Keywords

1 Introduction

Recommender System (RS) is an effective tool to deal with information overload problem [1]. As the main thrust in the field of RS research, collaborative filtering(CF) methods are widely used for its knowledge domain free. CF-based approaches can be divided into two branches: neighborhood-based and model-based [2]. Neighborhood-based approaches focus on spotting the similarity relationships among either users or items. Herlocker et al. [3] carried out a comprehensive research into user-based collaborative algorithms. Badrul et al. [4] presented the item-based collaborative system to pre-compute the item-item similarities.

In contrast to the neighbor-based method, singular value decomposition (SVD) [6] is the most prevalent model-based method for Matrix factorization (MF) [5]. SVD performs well in building accurate models for RS by applying elaborated and succinct algebraic structure. Nevertheless, SVD method is only well-defined when the matrix is complete, still facing the problem of sparseness. Imputation [7] is a technique to get a relatively denser matrix filled with baseline estimations for missing ratings. However, inaccurate imputation might distort the original data considerably.

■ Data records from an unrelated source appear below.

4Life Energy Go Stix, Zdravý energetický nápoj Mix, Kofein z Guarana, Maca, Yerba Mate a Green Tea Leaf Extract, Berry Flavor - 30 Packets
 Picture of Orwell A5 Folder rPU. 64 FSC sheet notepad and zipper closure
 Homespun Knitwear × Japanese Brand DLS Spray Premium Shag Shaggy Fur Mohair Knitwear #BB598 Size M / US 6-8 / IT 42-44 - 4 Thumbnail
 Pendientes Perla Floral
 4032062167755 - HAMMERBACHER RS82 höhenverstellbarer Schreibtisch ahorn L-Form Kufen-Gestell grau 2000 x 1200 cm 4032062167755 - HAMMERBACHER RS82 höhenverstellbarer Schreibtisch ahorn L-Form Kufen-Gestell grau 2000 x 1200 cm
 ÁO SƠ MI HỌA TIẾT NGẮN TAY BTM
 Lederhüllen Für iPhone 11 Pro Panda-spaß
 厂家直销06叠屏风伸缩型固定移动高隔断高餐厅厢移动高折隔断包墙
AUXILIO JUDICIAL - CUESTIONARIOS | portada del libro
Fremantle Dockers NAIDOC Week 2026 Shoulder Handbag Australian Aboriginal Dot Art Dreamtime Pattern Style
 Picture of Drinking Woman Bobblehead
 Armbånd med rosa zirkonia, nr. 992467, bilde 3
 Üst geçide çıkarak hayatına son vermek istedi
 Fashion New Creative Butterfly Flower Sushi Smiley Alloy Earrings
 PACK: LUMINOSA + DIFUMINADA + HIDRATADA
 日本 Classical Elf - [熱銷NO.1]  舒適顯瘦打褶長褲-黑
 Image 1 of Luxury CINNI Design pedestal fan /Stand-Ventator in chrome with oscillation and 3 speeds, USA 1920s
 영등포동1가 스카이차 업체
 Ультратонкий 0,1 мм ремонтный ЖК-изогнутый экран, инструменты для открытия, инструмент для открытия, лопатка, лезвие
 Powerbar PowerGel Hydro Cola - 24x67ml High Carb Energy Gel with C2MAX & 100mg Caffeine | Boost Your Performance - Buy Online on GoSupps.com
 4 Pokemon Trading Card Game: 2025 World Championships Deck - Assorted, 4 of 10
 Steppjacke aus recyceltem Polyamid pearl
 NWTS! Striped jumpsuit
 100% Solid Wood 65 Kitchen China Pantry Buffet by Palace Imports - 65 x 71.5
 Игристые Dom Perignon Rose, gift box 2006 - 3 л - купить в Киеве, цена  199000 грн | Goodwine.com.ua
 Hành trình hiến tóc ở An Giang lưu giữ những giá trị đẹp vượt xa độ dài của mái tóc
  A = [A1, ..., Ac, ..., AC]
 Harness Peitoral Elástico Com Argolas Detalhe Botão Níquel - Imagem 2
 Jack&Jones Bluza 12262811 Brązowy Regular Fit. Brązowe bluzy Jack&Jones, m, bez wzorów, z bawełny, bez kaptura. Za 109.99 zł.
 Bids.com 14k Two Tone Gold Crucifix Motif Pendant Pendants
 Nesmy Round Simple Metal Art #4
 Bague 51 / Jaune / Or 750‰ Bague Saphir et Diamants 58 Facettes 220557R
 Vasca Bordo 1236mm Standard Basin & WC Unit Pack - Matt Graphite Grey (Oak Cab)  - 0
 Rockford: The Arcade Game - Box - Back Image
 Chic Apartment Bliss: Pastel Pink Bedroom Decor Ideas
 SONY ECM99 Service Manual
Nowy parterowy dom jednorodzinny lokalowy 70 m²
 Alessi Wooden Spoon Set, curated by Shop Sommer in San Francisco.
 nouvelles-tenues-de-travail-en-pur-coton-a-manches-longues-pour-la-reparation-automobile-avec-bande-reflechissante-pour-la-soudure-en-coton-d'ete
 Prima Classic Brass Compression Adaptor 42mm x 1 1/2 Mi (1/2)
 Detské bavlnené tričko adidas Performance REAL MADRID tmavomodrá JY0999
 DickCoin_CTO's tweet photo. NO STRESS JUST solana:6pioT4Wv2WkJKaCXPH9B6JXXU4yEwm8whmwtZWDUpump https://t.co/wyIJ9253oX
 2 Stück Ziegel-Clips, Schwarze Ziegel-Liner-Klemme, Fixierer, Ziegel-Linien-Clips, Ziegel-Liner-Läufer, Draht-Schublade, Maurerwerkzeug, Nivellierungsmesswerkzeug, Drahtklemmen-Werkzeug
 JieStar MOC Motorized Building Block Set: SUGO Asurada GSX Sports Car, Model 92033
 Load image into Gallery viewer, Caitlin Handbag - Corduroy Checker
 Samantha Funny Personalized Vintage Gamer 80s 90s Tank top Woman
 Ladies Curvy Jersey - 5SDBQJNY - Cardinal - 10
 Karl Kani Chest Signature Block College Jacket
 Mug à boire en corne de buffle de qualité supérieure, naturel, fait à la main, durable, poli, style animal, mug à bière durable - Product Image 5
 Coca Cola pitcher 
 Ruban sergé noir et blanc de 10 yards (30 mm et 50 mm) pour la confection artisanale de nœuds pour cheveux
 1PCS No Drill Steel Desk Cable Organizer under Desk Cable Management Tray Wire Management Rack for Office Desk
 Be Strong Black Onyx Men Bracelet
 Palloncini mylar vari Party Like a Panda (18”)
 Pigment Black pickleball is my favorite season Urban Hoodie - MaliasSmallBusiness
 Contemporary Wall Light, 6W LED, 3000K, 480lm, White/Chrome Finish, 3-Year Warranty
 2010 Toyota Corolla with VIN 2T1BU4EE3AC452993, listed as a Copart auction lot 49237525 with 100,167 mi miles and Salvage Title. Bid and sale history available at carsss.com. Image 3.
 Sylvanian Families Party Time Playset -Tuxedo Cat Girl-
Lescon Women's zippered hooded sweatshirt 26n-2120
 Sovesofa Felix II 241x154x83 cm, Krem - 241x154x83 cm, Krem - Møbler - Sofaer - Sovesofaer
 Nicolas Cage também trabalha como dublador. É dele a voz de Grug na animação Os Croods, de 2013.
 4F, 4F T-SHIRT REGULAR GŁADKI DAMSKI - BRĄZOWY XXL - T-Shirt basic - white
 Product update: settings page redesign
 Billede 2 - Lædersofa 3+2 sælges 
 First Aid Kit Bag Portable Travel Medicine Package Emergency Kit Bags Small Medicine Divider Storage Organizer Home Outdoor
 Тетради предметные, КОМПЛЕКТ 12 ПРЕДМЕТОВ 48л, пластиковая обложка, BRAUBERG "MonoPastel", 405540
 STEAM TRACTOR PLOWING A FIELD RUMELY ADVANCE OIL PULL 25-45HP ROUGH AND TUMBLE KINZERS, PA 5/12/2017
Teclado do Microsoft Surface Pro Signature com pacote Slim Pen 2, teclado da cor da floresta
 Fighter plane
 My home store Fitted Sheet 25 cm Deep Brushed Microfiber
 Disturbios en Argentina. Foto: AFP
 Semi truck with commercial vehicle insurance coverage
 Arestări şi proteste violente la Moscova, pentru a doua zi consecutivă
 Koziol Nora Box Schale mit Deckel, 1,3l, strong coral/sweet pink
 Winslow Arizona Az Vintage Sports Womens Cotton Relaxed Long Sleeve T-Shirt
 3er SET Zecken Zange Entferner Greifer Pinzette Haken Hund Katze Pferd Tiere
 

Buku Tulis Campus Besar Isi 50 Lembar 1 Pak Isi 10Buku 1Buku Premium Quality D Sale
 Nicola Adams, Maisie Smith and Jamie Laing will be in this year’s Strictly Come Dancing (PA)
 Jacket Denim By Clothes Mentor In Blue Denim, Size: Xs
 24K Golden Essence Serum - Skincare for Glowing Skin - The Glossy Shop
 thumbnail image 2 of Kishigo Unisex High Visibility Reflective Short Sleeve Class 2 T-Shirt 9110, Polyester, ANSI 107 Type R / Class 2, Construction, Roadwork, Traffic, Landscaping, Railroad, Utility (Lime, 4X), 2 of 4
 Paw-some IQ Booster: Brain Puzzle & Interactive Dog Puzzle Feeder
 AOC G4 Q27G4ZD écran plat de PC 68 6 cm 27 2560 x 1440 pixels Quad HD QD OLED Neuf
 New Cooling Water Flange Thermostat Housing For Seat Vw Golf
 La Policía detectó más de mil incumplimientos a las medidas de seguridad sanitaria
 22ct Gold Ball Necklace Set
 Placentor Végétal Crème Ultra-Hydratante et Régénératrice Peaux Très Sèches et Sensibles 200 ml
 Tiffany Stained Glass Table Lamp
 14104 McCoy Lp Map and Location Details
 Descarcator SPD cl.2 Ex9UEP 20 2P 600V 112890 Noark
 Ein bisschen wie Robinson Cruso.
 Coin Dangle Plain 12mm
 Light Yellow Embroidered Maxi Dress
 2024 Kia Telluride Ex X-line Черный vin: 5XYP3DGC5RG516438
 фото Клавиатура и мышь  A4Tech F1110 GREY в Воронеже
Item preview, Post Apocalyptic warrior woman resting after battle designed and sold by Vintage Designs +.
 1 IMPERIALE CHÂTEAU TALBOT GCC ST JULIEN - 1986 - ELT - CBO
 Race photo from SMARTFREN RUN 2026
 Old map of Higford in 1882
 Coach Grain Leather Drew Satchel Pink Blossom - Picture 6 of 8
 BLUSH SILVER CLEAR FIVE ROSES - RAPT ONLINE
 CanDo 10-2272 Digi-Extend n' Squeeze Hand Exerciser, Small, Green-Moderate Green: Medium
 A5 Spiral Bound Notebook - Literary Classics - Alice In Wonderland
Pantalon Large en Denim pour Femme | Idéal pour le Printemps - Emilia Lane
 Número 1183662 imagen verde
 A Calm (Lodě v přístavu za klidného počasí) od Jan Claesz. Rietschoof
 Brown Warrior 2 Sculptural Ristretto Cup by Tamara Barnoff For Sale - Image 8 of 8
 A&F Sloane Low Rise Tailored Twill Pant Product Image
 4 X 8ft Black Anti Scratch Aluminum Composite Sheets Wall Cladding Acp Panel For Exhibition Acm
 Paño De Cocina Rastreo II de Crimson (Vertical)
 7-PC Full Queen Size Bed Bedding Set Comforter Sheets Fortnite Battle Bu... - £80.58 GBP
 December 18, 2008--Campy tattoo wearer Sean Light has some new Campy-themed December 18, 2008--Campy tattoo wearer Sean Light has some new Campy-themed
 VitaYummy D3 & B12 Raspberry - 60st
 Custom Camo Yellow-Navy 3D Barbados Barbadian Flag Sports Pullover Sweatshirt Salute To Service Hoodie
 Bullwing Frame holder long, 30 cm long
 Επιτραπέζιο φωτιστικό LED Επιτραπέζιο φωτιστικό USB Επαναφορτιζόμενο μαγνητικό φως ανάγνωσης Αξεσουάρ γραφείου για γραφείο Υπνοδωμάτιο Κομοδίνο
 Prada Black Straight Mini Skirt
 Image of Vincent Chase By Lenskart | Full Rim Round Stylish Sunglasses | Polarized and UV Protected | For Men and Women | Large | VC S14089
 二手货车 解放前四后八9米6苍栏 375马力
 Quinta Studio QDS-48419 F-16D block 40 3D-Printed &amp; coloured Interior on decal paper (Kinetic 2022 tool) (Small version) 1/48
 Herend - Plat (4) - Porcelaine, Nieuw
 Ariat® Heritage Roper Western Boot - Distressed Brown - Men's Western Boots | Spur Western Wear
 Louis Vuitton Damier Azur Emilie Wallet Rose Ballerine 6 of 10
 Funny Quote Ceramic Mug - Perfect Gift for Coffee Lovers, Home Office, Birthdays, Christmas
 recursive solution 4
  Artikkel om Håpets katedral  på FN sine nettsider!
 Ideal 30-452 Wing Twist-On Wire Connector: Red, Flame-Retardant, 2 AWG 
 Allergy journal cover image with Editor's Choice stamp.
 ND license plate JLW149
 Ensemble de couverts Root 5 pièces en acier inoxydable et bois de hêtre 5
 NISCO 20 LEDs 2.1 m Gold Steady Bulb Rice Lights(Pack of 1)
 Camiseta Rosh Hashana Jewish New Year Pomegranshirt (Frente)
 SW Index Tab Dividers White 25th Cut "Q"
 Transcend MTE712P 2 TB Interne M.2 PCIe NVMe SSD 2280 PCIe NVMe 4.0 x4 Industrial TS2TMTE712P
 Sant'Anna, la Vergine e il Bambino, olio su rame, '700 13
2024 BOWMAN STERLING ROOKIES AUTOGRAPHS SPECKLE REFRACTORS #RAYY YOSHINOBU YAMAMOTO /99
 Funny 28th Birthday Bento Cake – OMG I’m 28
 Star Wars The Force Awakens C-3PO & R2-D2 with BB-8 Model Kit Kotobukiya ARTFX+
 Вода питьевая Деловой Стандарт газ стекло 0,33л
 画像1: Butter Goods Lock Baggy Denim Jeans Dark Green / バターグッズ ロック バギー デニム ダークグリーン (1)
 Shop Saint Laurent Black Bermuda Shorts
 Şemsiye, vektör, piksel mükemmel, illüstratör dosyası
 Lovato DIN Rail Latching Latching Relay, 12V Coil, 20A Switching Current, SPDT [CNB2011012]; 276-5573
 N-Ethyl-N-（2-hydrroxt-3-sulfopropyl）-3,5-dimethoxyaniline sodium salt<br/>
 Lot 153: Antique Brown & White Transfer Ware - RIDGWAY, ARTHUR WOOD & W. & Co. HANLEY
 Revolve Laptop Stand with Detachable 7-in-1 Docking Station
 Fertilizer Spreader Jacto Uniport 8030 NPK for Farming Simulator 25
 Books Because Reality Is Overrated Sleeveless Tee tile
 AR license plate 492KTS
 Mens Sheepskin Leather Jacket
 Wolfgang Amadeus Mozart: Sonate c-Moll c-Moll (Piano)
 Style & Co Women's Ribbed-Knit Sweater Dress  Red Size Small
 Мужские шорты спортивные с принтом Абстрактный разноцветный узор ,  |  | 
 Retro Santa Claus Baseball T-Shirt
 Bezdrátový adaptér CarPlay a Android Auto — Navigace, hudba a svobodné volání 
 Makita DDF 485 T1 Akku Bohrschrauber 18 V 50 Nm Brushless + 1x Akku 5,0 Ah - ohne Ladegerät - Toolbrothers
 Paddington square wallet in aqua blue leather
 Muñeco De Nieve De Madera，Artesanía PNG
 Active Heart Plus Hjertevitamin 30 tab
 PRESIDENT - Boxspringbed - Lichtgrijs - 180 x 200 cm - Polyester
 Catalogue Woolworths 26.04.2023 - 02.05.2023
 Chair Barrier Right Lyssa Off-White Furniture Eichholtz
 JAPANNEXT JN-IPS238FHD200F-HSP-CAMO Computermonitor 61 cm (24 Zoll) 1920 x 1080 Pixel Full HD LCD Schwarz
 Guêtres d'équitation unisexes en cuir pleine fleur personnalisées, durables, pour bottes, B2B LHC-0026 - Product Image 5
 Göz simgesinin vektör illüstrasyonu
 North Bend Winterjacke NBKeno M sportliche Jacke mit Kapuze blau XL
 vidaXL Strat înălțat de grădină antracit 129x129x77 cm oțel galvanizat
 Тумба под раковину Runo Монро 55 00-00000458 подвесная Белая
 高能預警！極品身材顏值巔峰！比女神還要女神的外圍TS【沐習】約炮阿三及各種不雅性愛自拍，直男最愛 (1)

In recent years, research in the neural network has taken a breakthrough in deep layer architecture. The deep belief networks (DBN) [8] inspire researchers to integrate neural network with CF for patterns learning or useful features extracting [9] uses Restricted Boltzmann Machines (RBM) to perform CF, and [10] extended this work to a noo-iid framework. Autoencoder (AE) as a special neural network has achieved good performance in the text processing, image classification tasks. In this paper, we employ AE as a user preference learning component in collaborative filtering and develop a stacked denoising autoencoder (SDAE) based model to alleviate sparseness issue in RS.

2 Traditional Autoencoder

A traditional autoencoder is a feedforward neural network illustrated in Fig. 1. AE can learning representations of the raw data by reconstructing the input data from its output. Usually, it has a three-layered structure, the input and the output has the same number of neurones, and a hidden layer is in the middle.

Fig. 1.
figure 1

Traditional autoencoder

Training an autoencoder is to minimise the reconstruction error, solve the following optimisation problem:

$$ \begin{aligned} \mathop {L(x,\hat{x})}\limits_{\theta ,\theta '} = & \frac{1}{2m}\sum\limits_{i = 1}^{m} {\left\| {\hat{x}^{i} - x^{i} } \right\|^{2} } + \frac{\lambda }{2}(\left\| {W^{(1)} } \right\|^{2} + \left\| {W^{(2)} } \right\|^{2} ) \\ & \mathop {\arg \hbox{min} }\limits_{\theta ,\theta '} L(x,\hat{x}) \\ \end{aligned} $$
(1)

To get the hyper-parameters \( {\text{W}}^{(l)} ,b^{(l)} ,l = 1,2 \) in (1). Stochastic Gradient Descent (SGD) is an efficient method to train autoencoder. The key steps of SGD is computing the partial derivatives. We use backpropagation algorithm to compute these partial derivatives. Steps as follows:

For each training example \( x^{i} \)

  1. 1.

    Feedforward pass the inputs, we get activations for each layer: \( x^{i} \),\( h^{i} \), \( \hat{x}^{i} \).

  2. 2.

    Backpropagate the errors:

    1. (1)

      Compute the error of output layer,

      $$ \delta^{(2)} = (\hat{x}^{i} - x^{i} ) \cdot \hat{x}^{i} \cdot (1 - x^{i} ) $$
      (2)
    2. (2)

      Backpropagate the output error \( \delta^{(2)} \) to the hidden layer,

      $$ \delta^{(1)} = (W^{(2)} )^{T} \cdot \delta^{(2)} \cdot h^{i} \cdot (1 - h^{i} ) $$
      (3)
  3. 3.

    Compute the desired partial derivatives, set as

    $$ \frac{\partial L}{{\partial W^{(1)} }} = \delta^{(1)} (x^{i} )^{T} ,\frac{\partial L}{{\partial b^{(1)} }} = \delta^{(l)} $$
    (4)
    $$ \frac{\partial L}{{\partial W^{(2)} }} = \delta^{(2)} (h^{i} )^{T} ,\frac{\partial L}{{\partial b^{(2)} }} = \delta^{(2)} $$
    (5)
  4. 4.

    After T rounds iterations when finally the value of (1) tends to be stable, we can take \( h^{i} \), the high-order vector of original \( x^{i} \), as a more concentrated and effective feature representation of raw input \( x^{i} \).

3 Construct SDAE

SDAE stands for Stacked Denoising Autoencoder, which is a variant of traditional autoencoder. We can impose constraints on AE to discover more useful representation. By altering the number of units in the hidden layer, we can get a lossy compressed representation feature. But purely altering the size of bottleneck layers may not guarantee to extract good features consistently. [11] proposed a strategy to corrupt the clean input partially for constructing a denosing autoencoder structure(DAE). There are three commonly used noise models to corrupt the input, the additive Gaussian noise, the salt-and-pepper noise and the Masking noise.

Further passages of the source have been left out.